Kellie Harper to the ZOU: Mizzou jumps market to land experienced leader for women’s hoops

It became official Tuesday afternoon: Mizzou has found its next head coach for women’s basketball.

And the new hire is a name that is more than familiar with what it looks like to have her program as a perennial mainstay in the NCAA Tournament field.

Mizzou has officially named Kellie Harper as the next head coach of Mizzou women’s basketball.

Harper, 47, served as head coach of an SEC powerhouse from 2019 to 2024, leading that same Tennessee program for which she suited up as a player during her collegiate days.

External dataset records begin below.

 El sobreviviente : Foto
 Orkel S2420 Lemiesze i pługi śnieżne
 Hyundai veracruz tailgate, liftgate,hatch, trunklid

Harper has also made stops at Western Carolina, NC State and Missouri State during her head-coaching career.

Harper’s Tennessee teams made the NCAA Tournament in four consecutive years from 2021 to 2024, advancing to the Sweet 16 twice while falling out of the bracket in the second round in the other two tournaments.

Harper fell victim to the extremely lofty expectations in Knoxville and was fired from her alma mater after the 2024 season.

Missouri clearly believes that one SEC program’s loss is another SEC program’s gain, as Harper is set to follow Robin Pingeton’s lengthy tenure in Columbia, aiming to bring fresh energy to a program that has fallen out of favor in the SEC standings in recent seasons.

After being let go from Tennessee, Harper spent the past year out of coaching as an analyst for SEC Network, waiting for the right opportunity to emerge.

It appears Mizzou is that opportunity.

When Missouri AD Laird Veatch met with reporters a couple weeks ago to lay out the blueprint for what the athletic department sought in identifying the next leader of the Missouri women’s basketball program, he highlighted a number of characteristics embodied by Harper. 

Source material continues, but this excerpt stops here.